Page MenuHomePhabricator

Draft initial data storage platform and place budget hold for Q2
Closed, ResolvedPublic

Description

We need to start designing this platform in order to acquire suitable hardware for an MVP in Q2.

The design that I have in mind is similar to that set out in Common Data Infrastructure - (Currently a restricted slide deck)

The key details are:

  • A five node Ceph cluster - located in rows E and F of eqiad
  • Each node has two 25 Gbps network connections to the ToR switches - one for intra-cluster replication
  • Ceph monitor processes are co-located with the object storage daemons (OSDs)
  • Ceph rados gateway (RGWs) are also co-located with the OSDs
  • The five OSD nodes are 2U servers with 24 NVMe slots in the chassis
  • An optional hot tier of storage can be provisioned some using the remaining NVMe slots
  • A cold tier of storage will be provisioned from HDDs running in directly connected JBOD
  • The Bluestore WAL and DB devices will also be located on NVMe drives

I will begin defining a hardware spec and estimating the cost.

Event Timeline

BTullis triaged this task as High priority.May 13 2022, 1:03 PM
BTullis created this task.
BTullis moved this task from Next Up to In Progress on the Data-Engineering-Kanban board.

Storage node spec

Head Node

The five servers would be a custom build since they do not closely match an existing entry from the standard HW spec.

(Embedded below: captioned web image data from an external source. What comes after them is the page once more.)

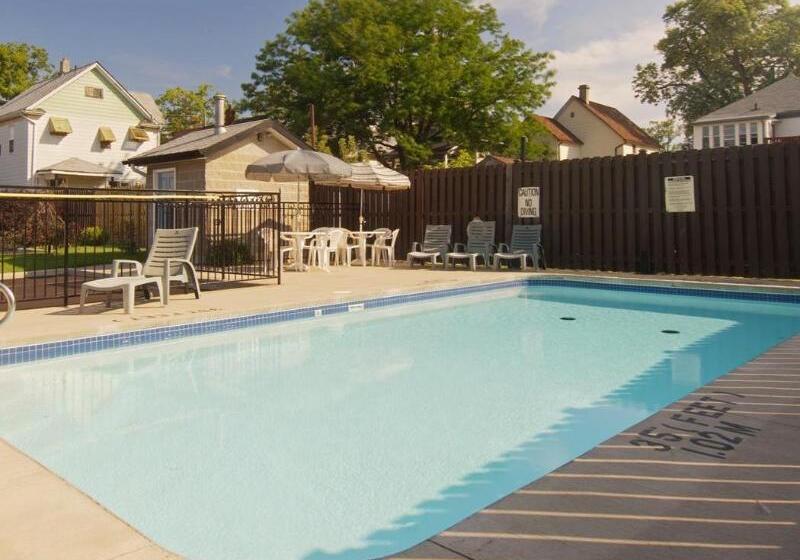 酒店 Super 8 By Wyndham Niagara Falls By The Falls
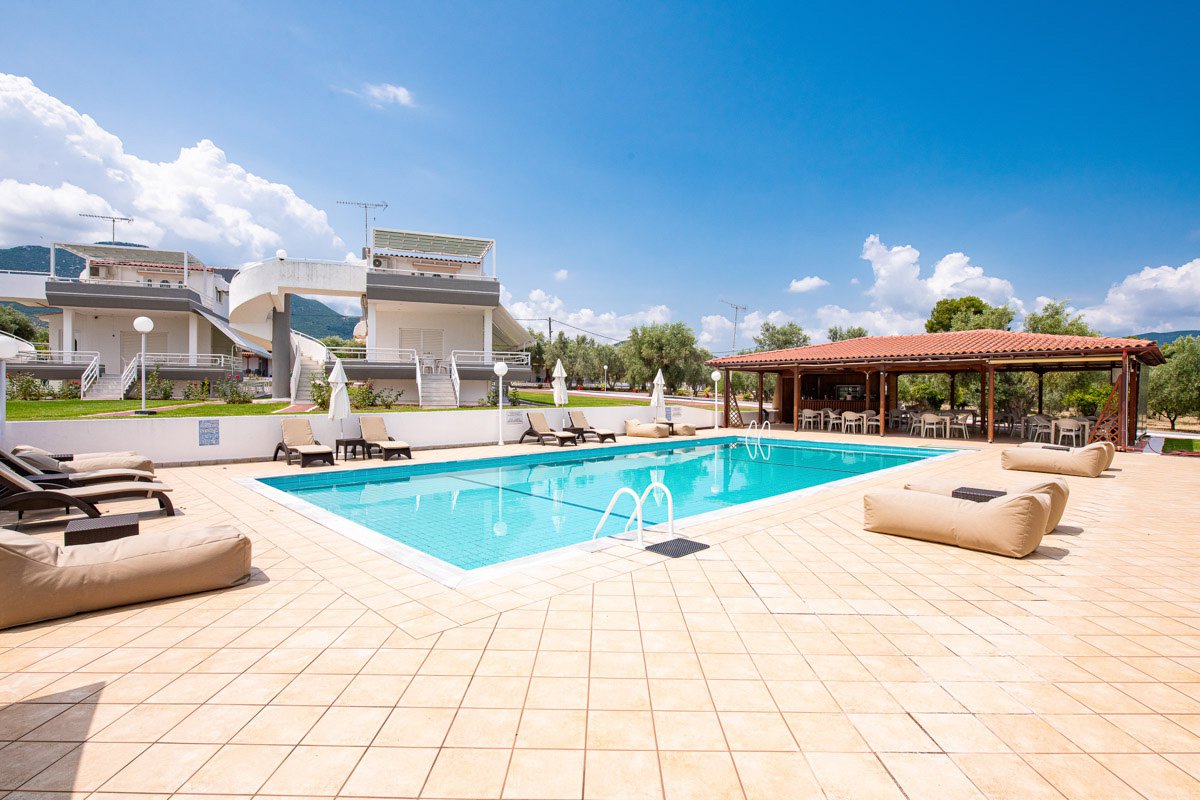 Blue Marine Village Hotel-Bazen.jpg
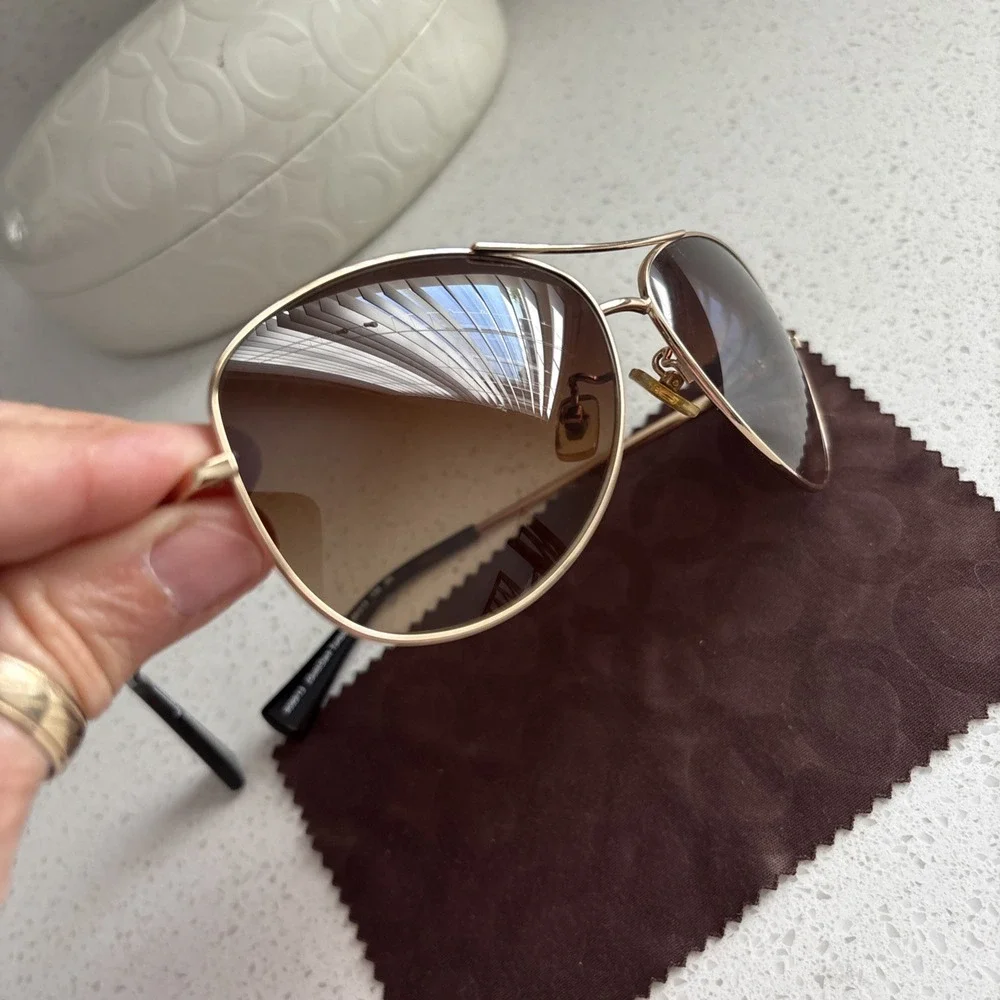 Coach Gold Aviator Sunglasses HC 7028 (L915) Jaclyn 9099/13 Clamshell Case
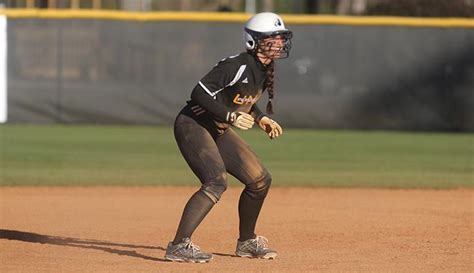 Uncp Braves L Bravenation On Twitter Uncpsoftball Halts Late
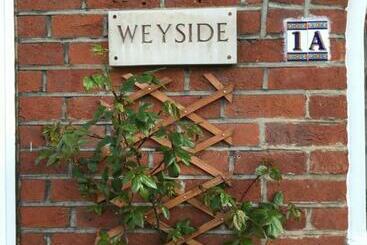 پانسیون Weyside House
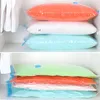 Vacuum seal bags stacked in a closet. Voir les images du produit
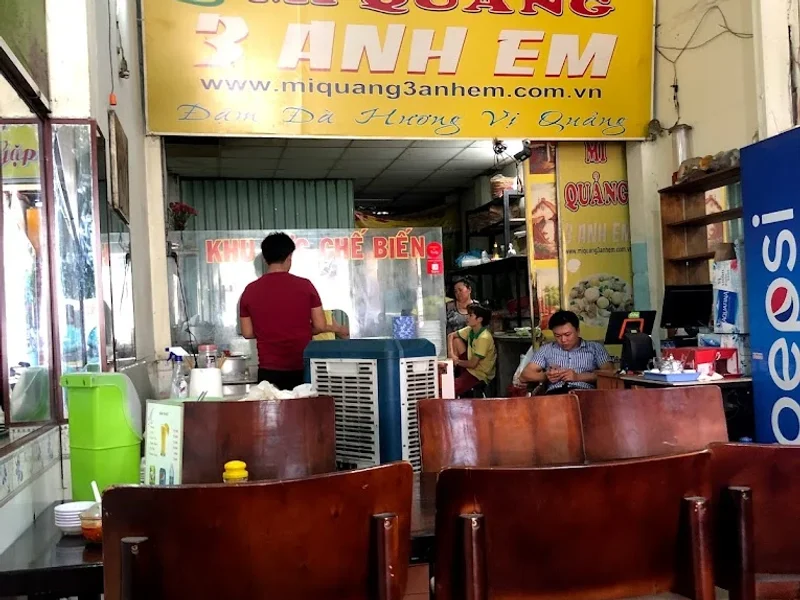 Quán Mì Quảng 3 Anh Em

  • Dell PowerEdge R740xd chassis - with 24 NVMe capable front bays
  • 2 x 25 Gbps network interface card option
  • Mid-tier CPU processing power such as: 2 x Intel® Xeon® Silver 4210R 2.4G, 10C/20T
  • 192 GB of RAM
  • O/S installed to two internal M.2 480 GB drives (BOSS - Boot Optimized Storage Subsystem)
  • Internal H330 Host Bus Adapter - instead of a RAID controller
  • External H840 Host Bus Adapter - for connection to JBOD tiers

JBOD Chassis

Each of the five servers requires

  • 1 x PowerVault MD1400 enclosure - 12 x SAS connected 3.5" hot-swap drive bays

Up to 8 of these JBODs can be daisy-chained from each storage server, allowing for future scale-out of the cold-storage tier.

Storage Devices

The following is only an example of a storage population.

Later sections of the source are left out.